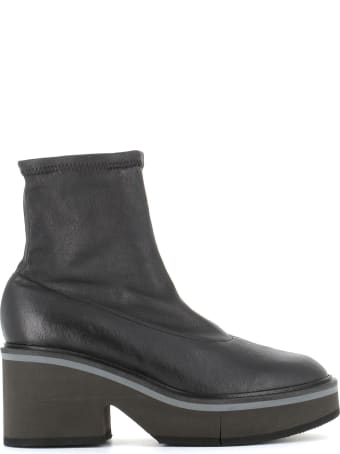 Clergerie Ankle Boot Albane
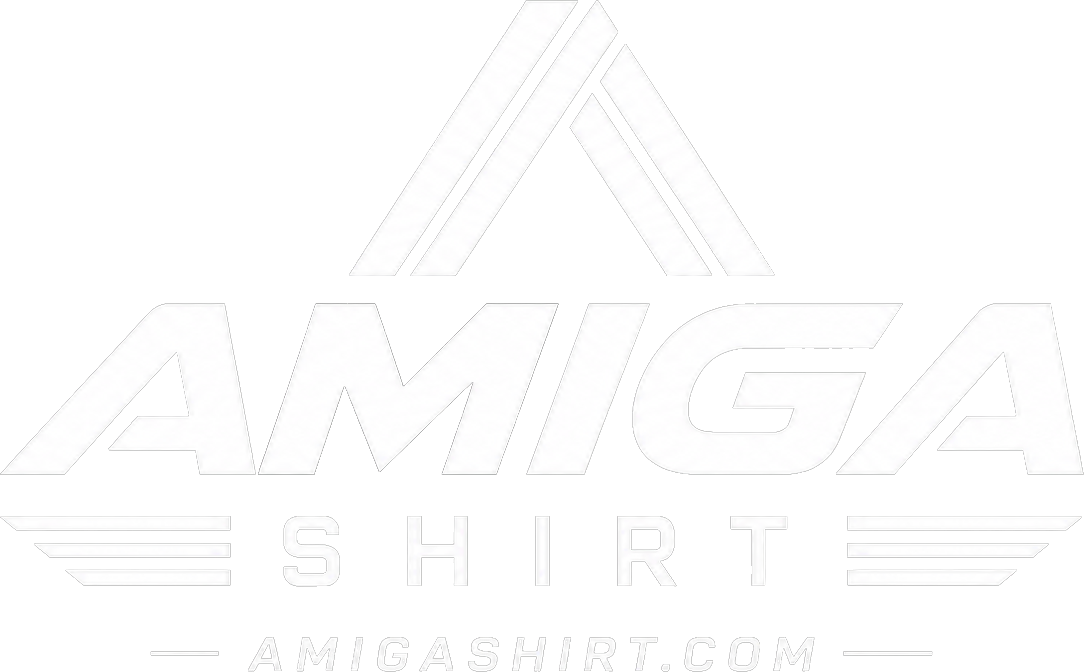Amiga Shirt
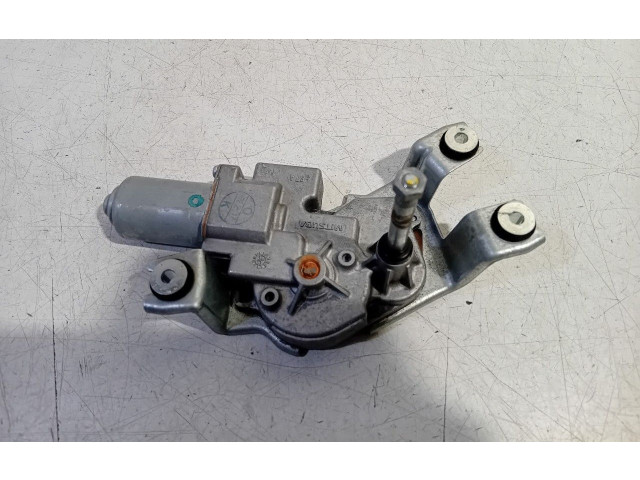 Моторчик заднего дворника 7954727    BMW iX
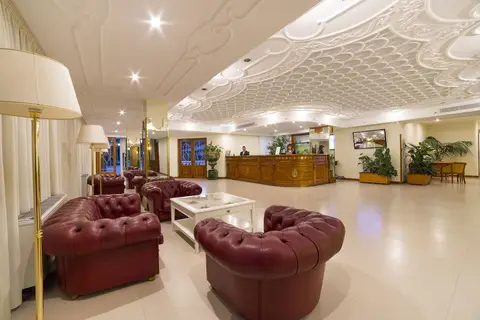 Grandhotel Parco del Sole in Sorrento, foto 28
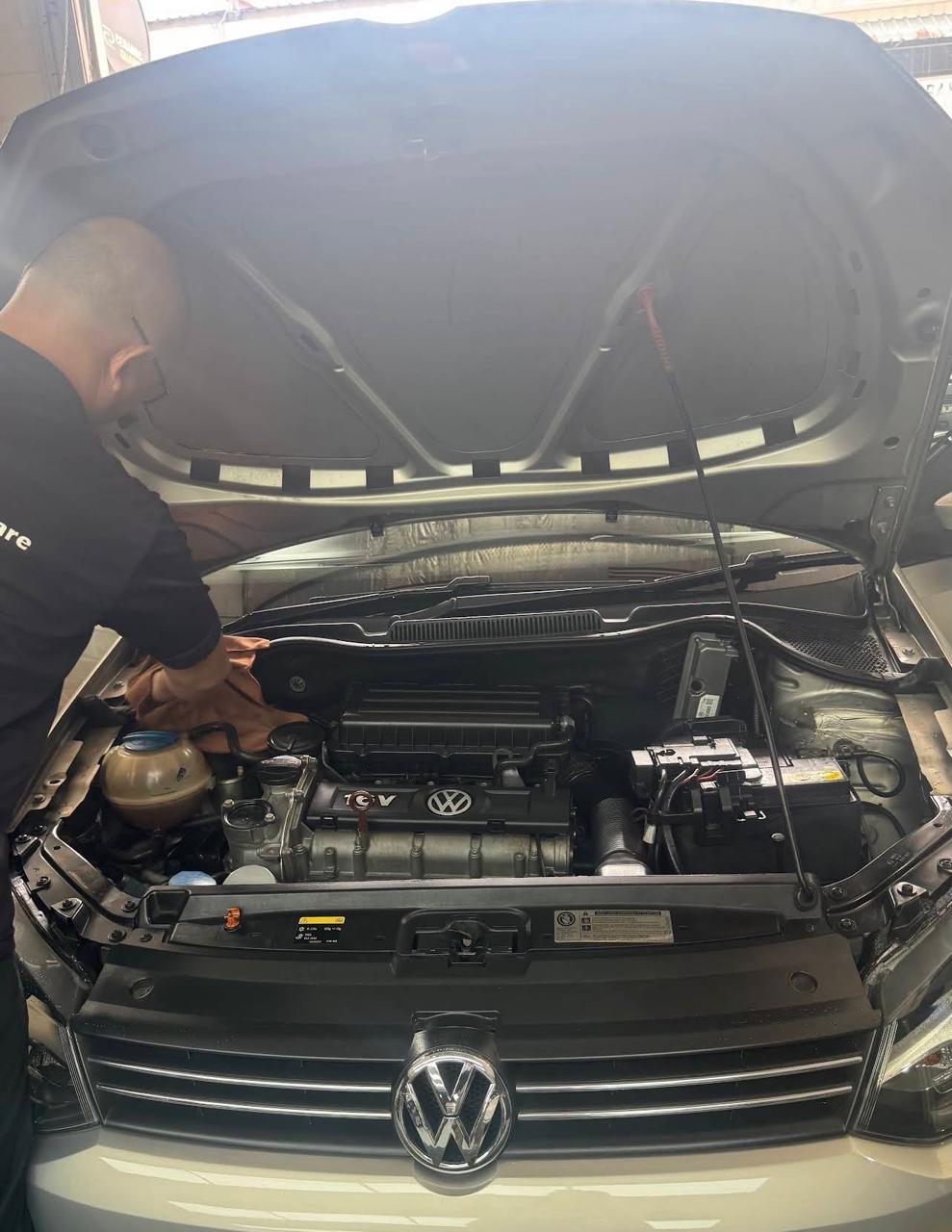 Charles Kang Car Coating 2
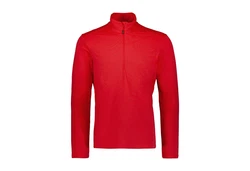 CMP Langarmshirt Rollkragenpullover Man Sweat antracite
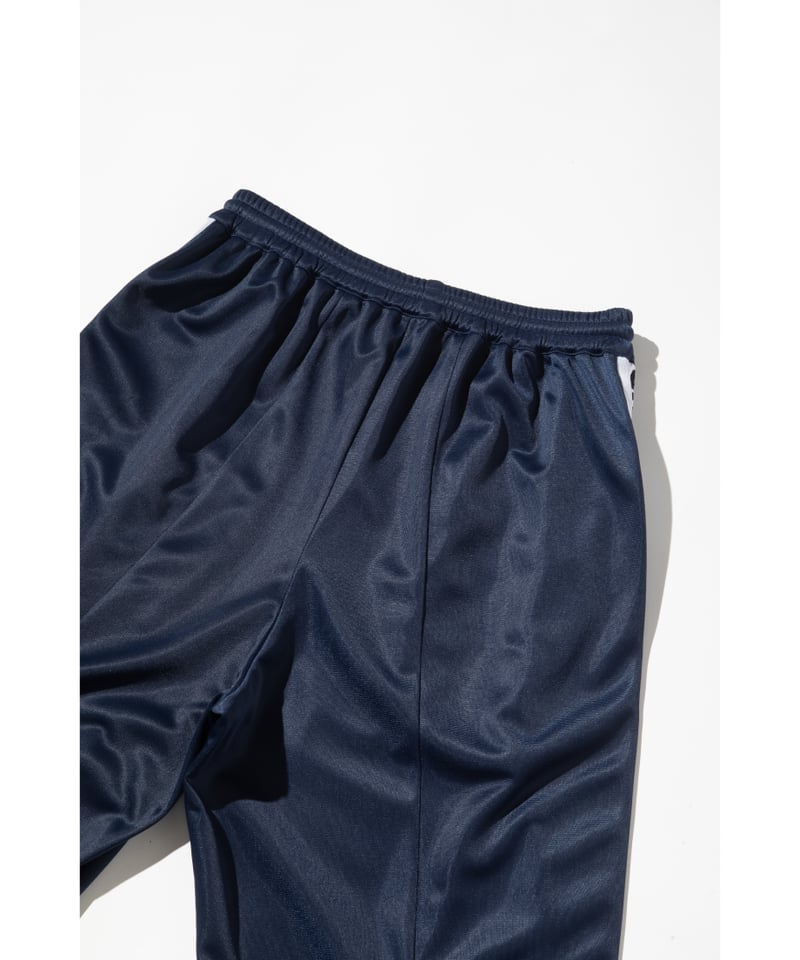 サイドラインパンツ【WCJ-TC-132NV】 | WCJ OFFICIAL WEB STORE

········

Problem statement: Leaving out every picture, extract verbatim the lines from the one containing "Моторчик заднего дворника" through the last line of the listing, inclusive.

Written answer:
 Моторчик заднего дворника 7954727    BMW iX
 Grandhotel Parco del Sole in Sorrento, foto 28
 Charles Kang Car Coating 2
 CMP Langarmshirt Rollkragenpullover Man Sweat antracite
 サイドラインパンツ【WCJ-TC-132NV】 | WCJ OFFICIAL WEB STORE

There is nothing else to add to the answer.